Reference to the argument for sine and cosine (attributed to Y. S. Chaikovsky, as reported by Leo Gurin), a complete discussion of the trickier argument for secant and tangent, and then a refinement of the argument for sine and cosine, are in my note "Zig-Zag Involutes, Up-Down Permutations, and Secant and Tangent" (PDF).
BTW: I have not (yet) cracked the case for cosecant and cotangent.
Solution 2:
Most of the proofs in elementary calculus textbooks use the definition of $\sin x$ via geometry to prove that the derivative of $\sin x$ is $\cos x$ (namely, the fact that $\lim_{x \to 0} \frac{ \sin x}{x} = 1$). Consequently, it follows that $\sin x$ and $\cos x$ are the two linearly independent solutions of $y'' = -y$. The power series equations are also two linearly independent solutions of this differential equation. Moreover, $\sin x$ and its derivative coincide with the derivative of the power series for $ \sin x$ at zero (no surprise, it's a Taylor series). Same for $\cos x$. By uniqueness of solutions to ordinary differential equations, this proves that $\sin x$ and $\cos x$ as defined in school are equal to their power series. (This is an expansion of Qiaochu's comment.)
Solution 3:
Robison, "A new approach to circular functions, π, and lim sin(x)/x", Math. Mag. 41.2 (March 1968), 66–70 [jstor].
In this paper it is shown that the addition law for cosine (and a couple other simple assumptions) uniquely determines cosine and sine. So then it's enough to prove geometrically that the high school functions satisfy that law (this is essentially Ptolemy's theorem), and prove that the power series functions satisfy it (using the binomial theorem and such manipulations).
Solution 4:
There is another proof that the derivative of sine is cosine that doesn't use the sandwich theorem mentioned by Qiaochu and Akhil above. Instead, one can use the definition of arcsine and the standard calculus formula for arc length in terms of an integral to show that arcsine = the integral of (1 - x^2)^(-.5). It follows that the derivative of arcsine is (1 - x^2)^(-.5), and (by the chain rule) one can use this fact to prove that the derivative of sine is cosine.
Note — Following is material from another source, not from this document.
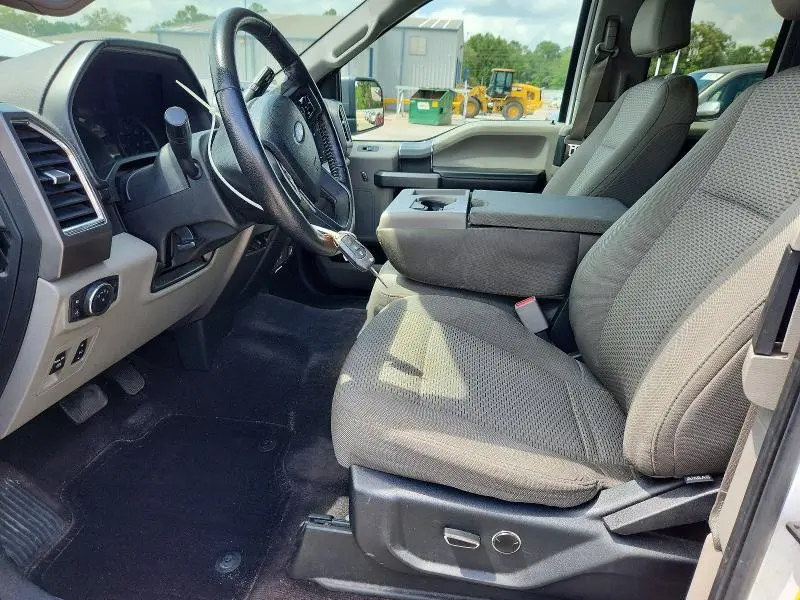2015 FORD F150 SUPER CAB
In fact, I'm not sure why this proof is presented less frequently then the one via the sandwich theorem. The unit circle definition of sine is based on arc length, and in calculus we learn a formula for arc length based on integration. Why not connect these two concepts for a natural proof that the derivative of sine is cosine?
Solution 5:
As a rough outline, the circular definitions of sine and cosine (the y- and x-coordinates of the image of (1,0) under a rotation about the origin) lead to being able to differentiate sine and cosine, and once you know how to differentiate them (infinitely), Taylor's Theorem justifies that the power series is equal to the function.